What best practices to optimize customer collections management?
Implement a clear and shared credit policy
A formalized credit policy is the foundation of the entire collections process. It documents standard payment terms, contractual deadlines by client type, accepted payment methods, rules for authorizing exposure and conditions for exceptions. Without this reference, teams operate with implicit rules that vary by contact, which can cause inconsistency and loss of efficiency.
Internal dissemination of this policy is as important as its drafting. Sales teams must know and respect the terms validated by the CFO. Commitments made outside the policy by sales (extended deadlines, discounts granted at quarter-end) create distortions in the portfolio that later appear in performance metrics. Aligning the commercial management with credit rules is one of the most powerful organizational levers to improve DSO without additional technology investment.
The credit policy should be reviewed annually to adapt to portfolio evolution, economic context and observed performance.
Encourage collaboration between finance, sales and order administration
Customer collections management is a collective responsibility. A late collection is often a symptom of an upstream issue: unresolved commercial dispute, delivery error, poor onboarding of a new client, or poorly defined contractual terms. Treating the symptom without addressing the cause means managing delays rather than preventing them.
Setting up regular meetings between the credit manager, order administration teams and sales creates the dialogue framework needed to manage complex cases and build a shared view of the portfolio. Salespeople, in direct contact with clients, are often best placed to unlock a delinquent payment on a major account.
Sharing collections KPIs with sales teams (DSO by salesperson, disputes rate by client, average payment time by account) is a simple practice that builds a shared cash culture and holds each actor accountable for their contribution to overall performance.
Train and structure credit teams
Process performance depends as much on the skills of teams as on the tools they use. Investing in upskilling administrators, mastery of credit management tools, knowledge of applicable legal procedures (payment orders, formal notices, judicial recovery), and basic financial literacy sustainably improves monitoring quality and responsiveness to complex situations.

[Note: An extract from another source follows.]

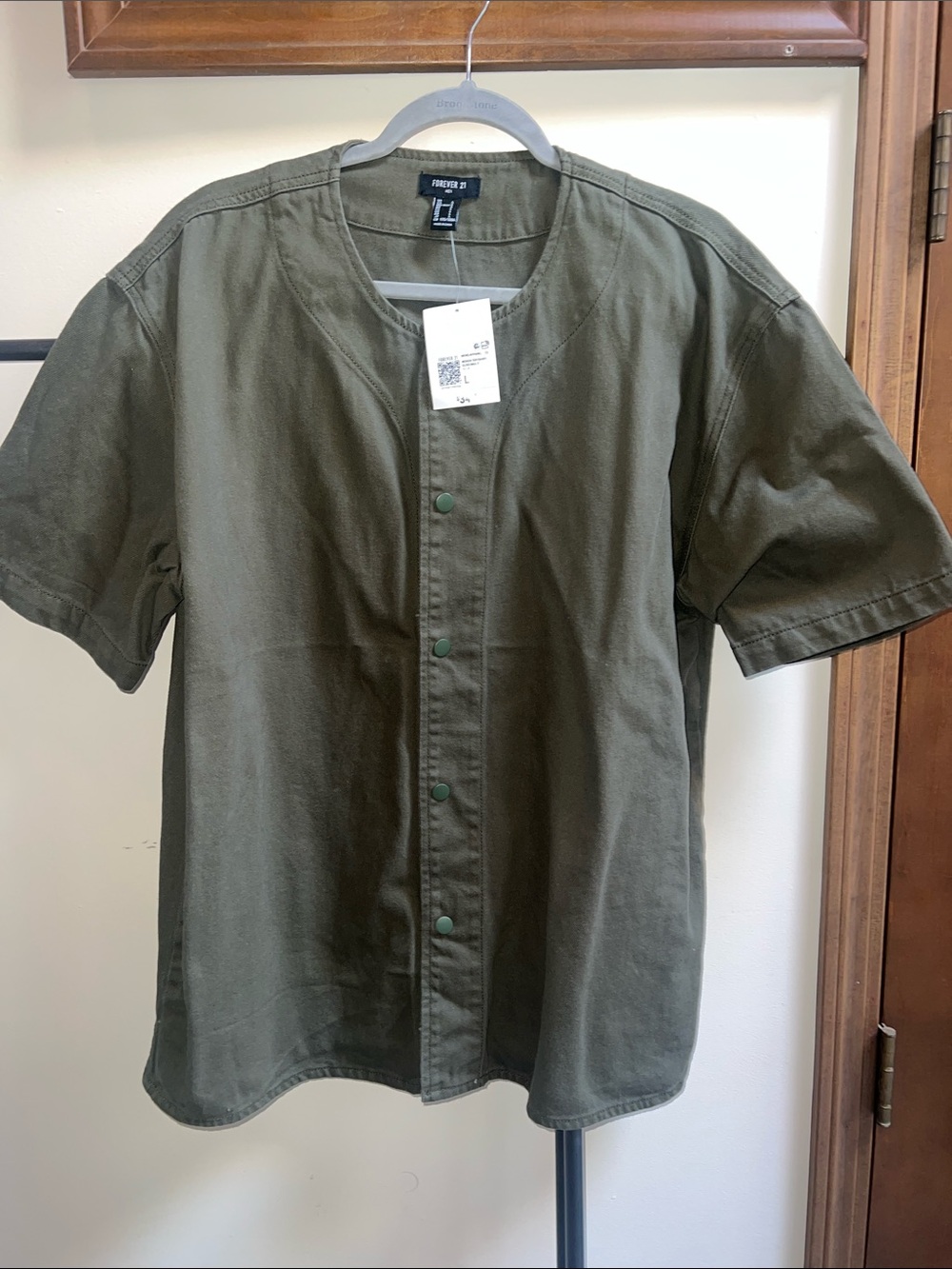 Forever 21 Olive Green Snap-Front Short Sleeve Top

Structuring job profiles is also a performance lever. The senior credit manager handles strategic steering (credit policy, major account management, exposure arbitration, CFO reporting) while accounts receivable administrators handle operational dunning, reconciliation and first-level dispute resolution. In terms of portfolio load, an administrator can effectively follow between 300 and 500 active accounts depending on client complexity and tool maturity; beyond that threshold, monitoring quality tends to degrade and DSO is affected.
Conclusion
Customer collections management is much more than an accounting function: it is a lever of financial performance measurable on working capital, DSO and available cash. For mid-caps and large groups, making it a strategic priority means choosing to fund growth through operational efficiency.
A high-performing process relies on three interdependent pillars: accurate and timely invoicing, a structured and personalized dunning plan, and effective reconciliation. The technological tools available — ERP, specialized credit management solutions, AI-powered account reconciliation platforms — now make it possible to reach operational excellence levels with documented ROI in 12 months.
Managing by KPIs is the condition to identify improvement margins and drive performance at the right level of the organization. Finally, organizational dimensions (formalized credit policy, finance-sales collaboration, trained and properly sized teams) are the structural conditions that sustain achieved gains.